= Lungiswa Gqunta =

South African sculptor and visual artist

Lungiswa Gqunta (born 1990) is a South African sculptor and visual artist. Her work has been shown in several galleries and exhibitions including Zeitz Museum of Contemporary Art Africa, Johannesburg Art Gallery, Kunsthal Zurich and Nelson Mandela Metropolitan University, University of Cape Town.

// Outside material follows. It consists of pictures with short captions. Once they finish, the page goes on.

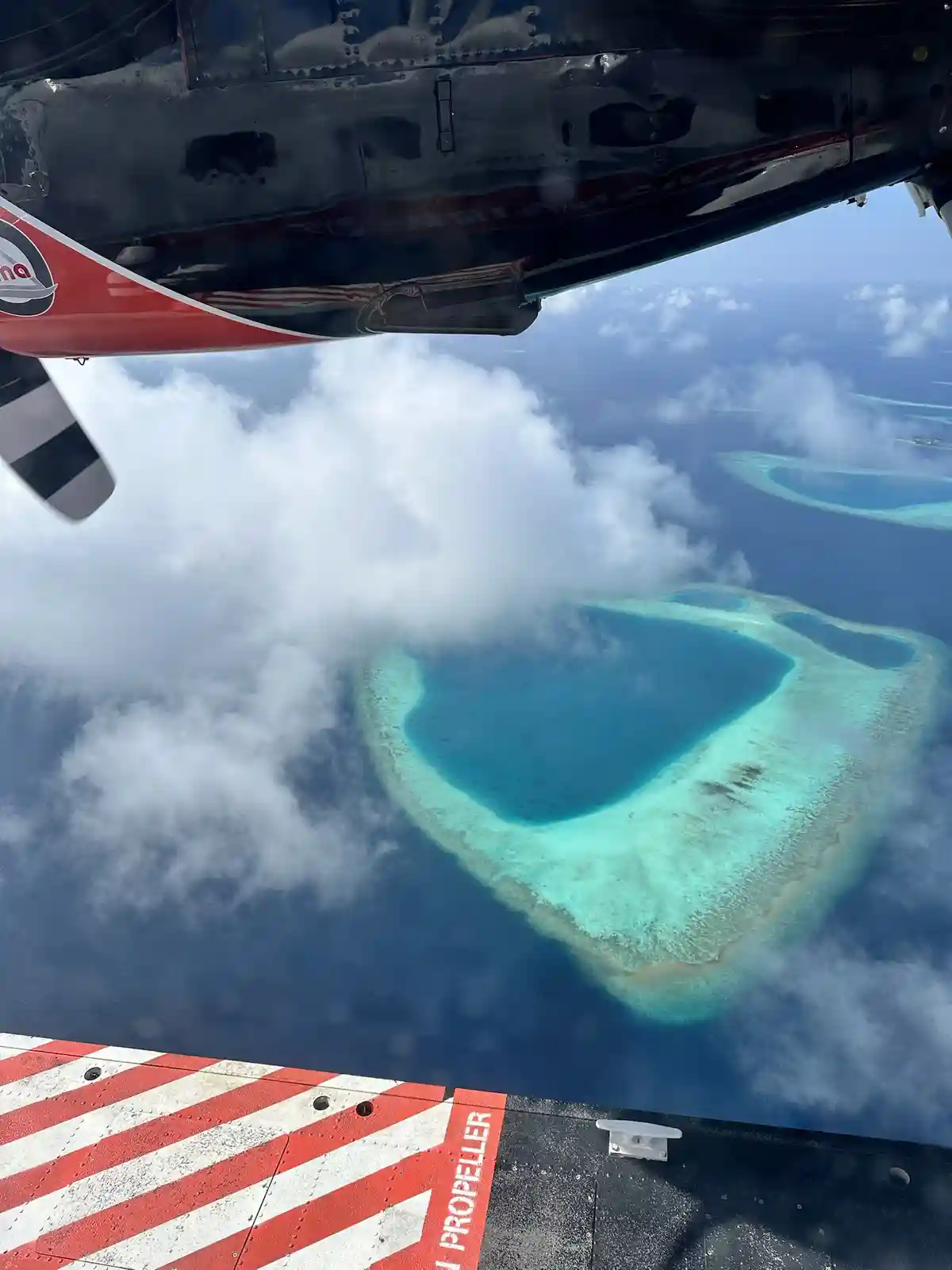 An aerial view from inside a small airplane shows the red and black wing and propeller of the aircraft, with a red and white…
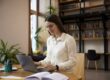 Woman sitting in front of laptop studying.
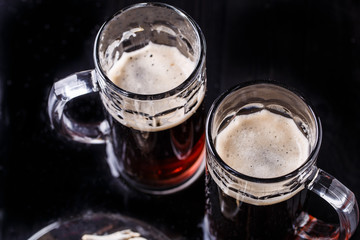 Mugs of beer on table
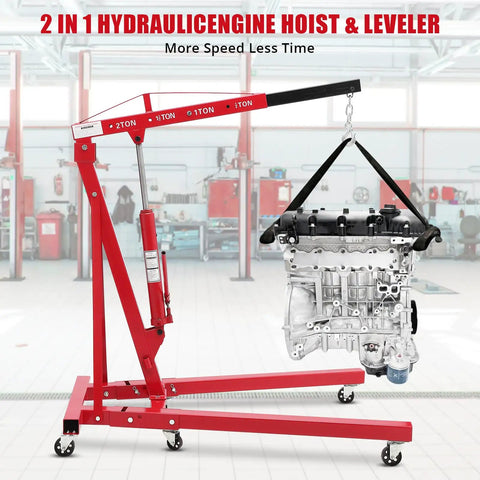 2 Ton Cherry Picker Engine Hoist Folds Flat To Save Bay Space Rolls Smooth On Six Heavy Duty Casters Includes Hand Pump For Garage Crew Auto Projects 4400 Lb with engine raised.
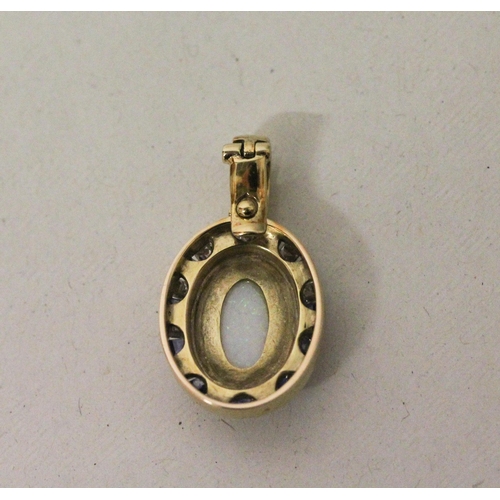 593 - An opal, sapphire and diamond oval pendant enhancer, bespoke made in 18ct yellow gold. Unmarked. Ope...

== Early years and education ==
Gqunta was born in 1990 at Port Elizabeth, South Africa. She attended the Nelson Mandela Metropolitan University and graduated in 2012 with a bachelor's degree. In 2017, she received an MFA from the Michaelis School of Fine Arts in Cape Town.

== Career ==
Gqunta is a founding member of iQhiya Collective, a network of young black female artists based in Cape Town and Johannesburg, South Africa. Her work investigates colonial landscapes and the spatial legacies that result from them. She uses found materials including empty beer bottles, petrol, torn bed sheets and worn wooden bed frames to create designs that expresses different forms of violence and the systemic inequality in South Africa. She has shown her work with some galleries in South Africa including Zeitz Museum of Contemporary Art Africa and the Johannesburg Art Gallery (JAG).

== Exhibitions ==
She has exhibited her work both locally and internationally. Some of the solo and group exhibitions she has participated in include:

- Qokobe (2016)
- Whatiftheworld Gallery, Cape Town (2016)
- Manifesta 12 biennial, Palermo, Sicily, Italy
- Istanbul Biennial (2017)
- Not a Single Story II at the Wanas Konst Museum in Sweden
- Stranger's Location at the Michaelis Galleries (2017)
- Young Now at Hazard Gallery (2017)
- Everyday Anomaly at Whatiftheworld Gallery (2017)
- Qwitha (2018)

== Residencies ==

- Rijksakademie van beeldende kunsten in Amsterdam
- Grassworks

== Personal life ==
Gqunta lives and works in Cape Town.